La “abadía” es, en realidad, una iglesia parroquial, al menos a día de hoy. Sin embargo la callejuela por la que aquella tarde paseaba se llama Calle de la Abadía de San Martín, lo que me sugiere un pasado algo más glorioso para el vetusto edificio de finales del siglo XIV, que fue construido a su vez sobre una de las diez mezquitas que había en Valencia cuando Jaime I la reconquistó a los moros.
Seguí leyendo las anotaciones de mi cuaderno:
Ahora dedicaré el resto de tarde a uno de mis pasatiempos favoritos: patear libreros de viejo, esas pequeñas cuevas de tesoros literarios. (…)

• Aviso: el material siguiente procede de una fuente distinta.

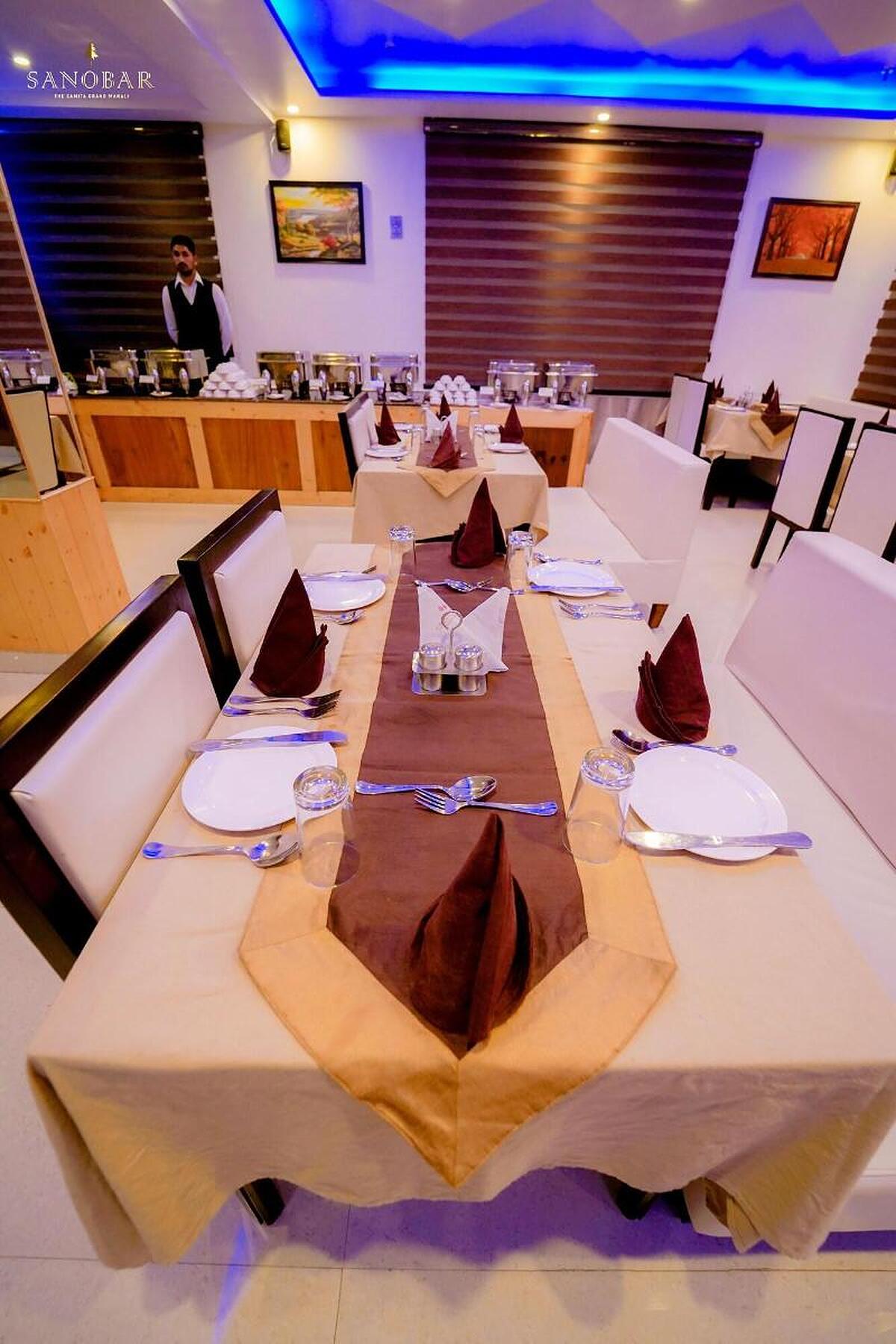 Sanobar The Samita Grand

En una de mis librerías anticuarias favoritas, el amable librero me mostró un ejemplar que me hizo temblar el pulso. Sostuve en mis manos durante un rato un auténtico tesoro: el ‘Compendio de navegación’… ¡de Jorge Juan! Ilustre marino español y prestigioso científico y expedicionario de principios del XVIII. Hojeé con devoción y deleite sus páginas, impresas en el año de Nuestro Señor 1757, y por momentos me sentí trasladado a otra época. Sumergí mi nariz en el volumen y aspiré su aroma; acaricié sus hojas ásperas y amarillentas, recorrí las líneas con interés y melancolía. Por supuesto, pregunté por el precio: 2000€ (dos mil, sí). No me quedó más remedio que despedirme del volumen y devolverlo al librero, agradeciéndole profundamente que me lo hubiera mostrado.

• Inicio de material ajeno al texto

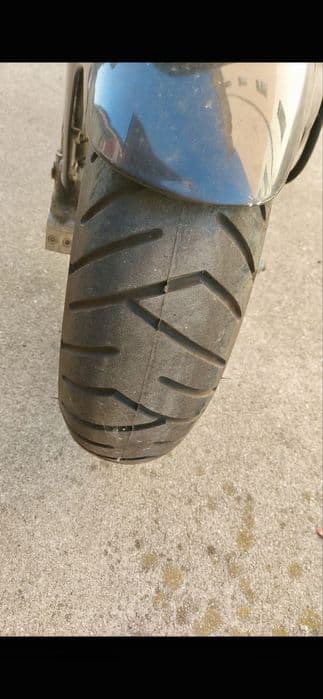 Scuter Piaggio NRG -910 Km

La lectura de estas notas escritas en mi cuaderno me estimuló y decidió mi rumbo. Lo fijé hacia uno de los libreros de viejo más próximos, recalando allí sin más novedad. Ése, en concreto, hacía mucho tiempo que no lo visitaba. Saqué mi lista en la que anoto los libros antiguos y descatalogados que busco y pregunté por los diversos títulos a Salvador, el librero, pero sin fortuna. Así que me adentré en el establecimiento, recorriendo los pasillos con interés, entre altísimos estantes repletos de libros y caóticas montañas de volúmenes apilados por doquier, leyendo con atención los títulos impresos en los lomos y hojeando los que despertaban mi curiosidad. Mientras tanto Salvador buscaba por otros lugares libros que me pudieran interesar.

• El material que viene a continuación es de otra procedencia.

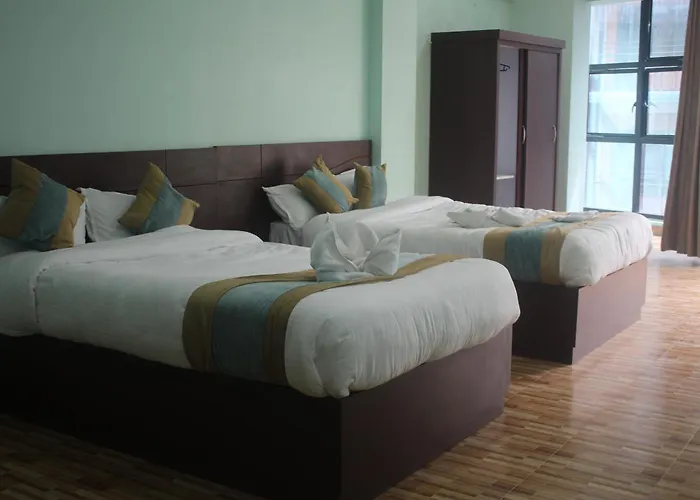 Yaksa Pvt. Ltd. 3* Kathmandu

Fui a topar también con dos pequeñas obras antiguas dedicadas a dos de nuestros insignes marinos: Churruca. Un almirante de España (uno de mis favoritos) y Elogio histórico de D. Antonio de Escaño, otro cortado por el mismo patrón.
En éstas estaba cuando apareció Salvador con un volumen que me cautivó: Los piratas del Defensor de Pedro, un grueso —más de 500 páginas— compendio publicado hace casi dos siglos que contiene el extracto de las causas y procesos formados contra los piratas del bergantín Defensor de Pedro, capitaneados por uno de los últimos piratas españoles —pontevedrés, para más señas—, Benito Soto. Es una historia que yo ya conocía someramente, pero este volumen me permitirá conocerla a fondo, con todos sus detalles. Está precedido por una narración que relata la historia del bergantín, negrero en un principio, desde que dio la vela el 22 de noviembre de 1827 del puerto de Río de Janeiro rumbo a las costas africanas, poco antes de la sedición liderada por el segundo contramaestre Benito Soto, hasta el infausto final de los facinerosos, colgados en Cádiz en enero del 1830. El cuerpo central del volumen comprende el extracto de las causas y el proceso, y la parte final es un compendio de la causa y juicio, con un montón de documentos. El volumen, publicado hace casi dos siglos, tenía un precio excesivo para mis maltrechas finanzas, pero no pude resistirme a un tesoro —para mí lo es— así, y me hice con ese pedazo de la historia de Benito Soto, de la Mar y del país.
Son historias como ésta las que, a fin de cuentas, convirtieron a España, a la Mar y al mundo en lo que hoy son. Son nuestro pasado, nuestra memoria y, en ocasiones, nuestro reflejo.